Section 6. Executive Director Authorized to Establish Final Terms of Sale
Bonds. The Executive Director, based on such advice of Staff as he may deem necessary, is
hereby authorized and directed to act on behalf of the Agency to establish and determine (i) the
final principal amount of the various maturities of the Bonds, which amount shall not exceed
$18,000,000 in the aggregate for the Series 2003 Bonds; (ii) the final interest rates on various
maturities of the 2003 Bonds, provided that such rates shall not exceed 5.75% per annum for
any maturity of the 2003 Bonds; and (iii) the Underwriter's discount for the purchase of the
2003 Bonds, which amount shall not exceed 1.5 percent of the principal amount of the 2003
Bonds.
Section 7. Form of 2003 Bonds.
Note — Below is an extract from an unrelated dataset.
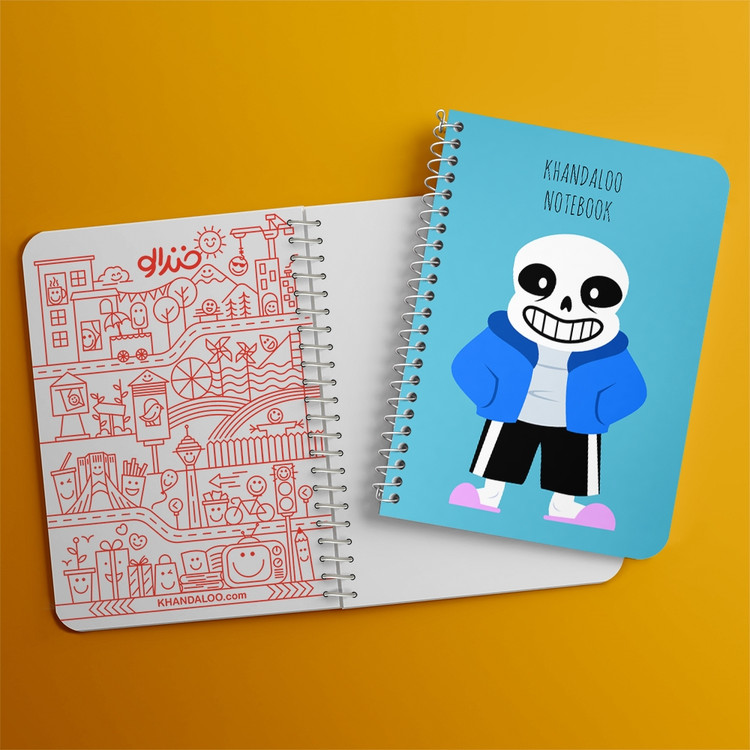 دفتر نقطه ای 50 برگ خندالو طرح سنس آندرتیل (Undertale) کد N9681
The form of the 2003 Bonds as set forth in the
Indenture as presented to this meeting is hereby approved and the Chairman or the Vice
Chairman and the Secretary or any Assistant Secretary are hereby authorized and directed to
execute by manual or facsimile signature, in the name and on behalf of the Agency and under
its seal, such 2003 Bonds in either temporary and/or definitive form in the aggregate principal
amount set forth in each respective Indenture and all in accordance with the terms and
provisions of the Indenture.
Section 8. Requisitions. The Executive Director or the Finance Officer is and
each of them are hereby authorized and directed to execute one or more requisitions
authorizing the Trustee to pay the costs of issuing the 2003 Bonds from the proceeds of the
2003 Bonds and the moneys, if any, deposited by the Agency with the Trustee for such
purpose, all pursuant to the Indenture.
Section 9. Bond Insurance. The Executive Director, or his designee, acting in
the name of the Agency and on its behalf hereby is authorized and empowered to approve the
obtaining of a policy of insurance guaranteeing payment of all or a portion of the Bonds and, if
available and desirable, a reserve fund surety bond to replace a cash reserve fund for the Bonds
upon such terms and conditions as may be approved by the Executive Director or his designee
and the Executive Director or his designee is authorized and empowered to executive any
certificates or agreements that may be required by the issuer of such insurance policy or surety
bond.
Section 10. Filing of CDAC Notice. The Agency hereby approves the filing by
Bond Counsel of a notice of Agency's intent to sell the Bonds with the California Debt
Advisory Commission pursuant to Section 8855 of the California Government Code.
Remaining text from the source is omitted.